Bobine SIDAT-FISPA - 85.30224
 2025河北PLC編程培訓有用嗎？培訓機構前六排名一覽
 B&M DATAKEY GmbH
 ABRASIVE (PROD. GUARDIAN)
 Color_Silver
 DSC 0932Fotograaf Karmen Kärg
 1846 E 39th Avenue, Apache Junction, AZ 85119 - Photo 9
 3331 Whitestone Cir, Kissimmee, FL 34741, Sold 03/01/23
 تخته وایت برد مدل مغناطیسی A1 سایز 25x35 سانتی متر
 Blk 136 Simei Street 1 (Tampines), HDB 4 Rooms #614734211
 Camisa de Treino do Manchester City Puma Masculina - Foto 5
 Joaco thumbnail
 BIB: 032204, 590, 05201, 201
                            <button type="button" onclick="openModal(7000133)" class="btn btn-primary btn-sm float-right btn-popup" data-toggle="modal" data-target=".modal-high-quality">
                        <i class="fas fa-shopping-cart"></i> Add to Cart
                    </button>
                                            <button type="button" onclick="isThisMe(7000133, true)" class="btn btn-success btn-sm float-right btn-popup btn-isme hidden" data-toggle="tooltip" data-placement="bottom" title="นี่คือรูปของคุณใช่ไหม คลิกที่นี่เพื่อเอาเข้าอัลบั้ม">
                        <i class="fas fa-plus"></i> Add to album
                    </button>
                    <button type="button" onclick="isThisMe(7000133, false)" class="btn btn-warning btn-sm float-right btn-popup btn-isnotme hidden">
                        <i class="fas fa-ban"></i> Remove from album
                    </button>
----
## Problem description
Repeat the listing above in full, exactly as given.

## Your response
Bobine SIDAT-FISPA - 85.30224
 2025河北PLC編程培訓有用嗎？培訓機構前六排名一覽
 B&M DATAKEY GmbH
 ABRASIVE (PROD. GUARDIAN)
 Color_Silver
 DSC 0932Fotograaf Karmen Kärg
 1846 E 39th Avenue, Apache Junction, AZ 85119 - Photo 9
 3331 Whitestone Cir, Kissimmee, FL 34741, Sold 03/01/23
 تخته وایت برد مدل مغناطیسی A1 سایز 25x35 سانتی متر
 Blk 136 Simei Street 1 (Tampines), HDB 4 Rooms #614734211
 Camisa de Treino do Manchester City Puma Masculina - Foto 5
 Joaco thumbnail
 BIB: 032204, 590, 05201, 201
                            <button type="button" onclick="openModal(7000133)" class="btn btn-primary btn-sm float-right btn-popup" data-toggle="modal" data-target=".modal-high-quality">
                        <i class="fas fa-shopping-cart"></i> Add to Cart
                    </button>
                                            <button type="button" onclick="isThisMe(7000133, true)" class="btn btn-success btn-sm float-right btn-popup btn-isme hidden" data-toggle="tooltip" data-placement="bottom" title="นี่คือรูปของคุณใช่ไหม คลิกที่นี่เพื่อเอาเข้าอัลบั้ม">
                        <i class="fas fa-plus"></i> Add to album
                    </button>
                    <button type="button" onclick="isThisMe(7000133, false)" class="btn btn-warning btn-sm float-right btn-popup btn-isnotme hidden">
                        <i class="fas fa-ban"></i> Remove from album
                    </button>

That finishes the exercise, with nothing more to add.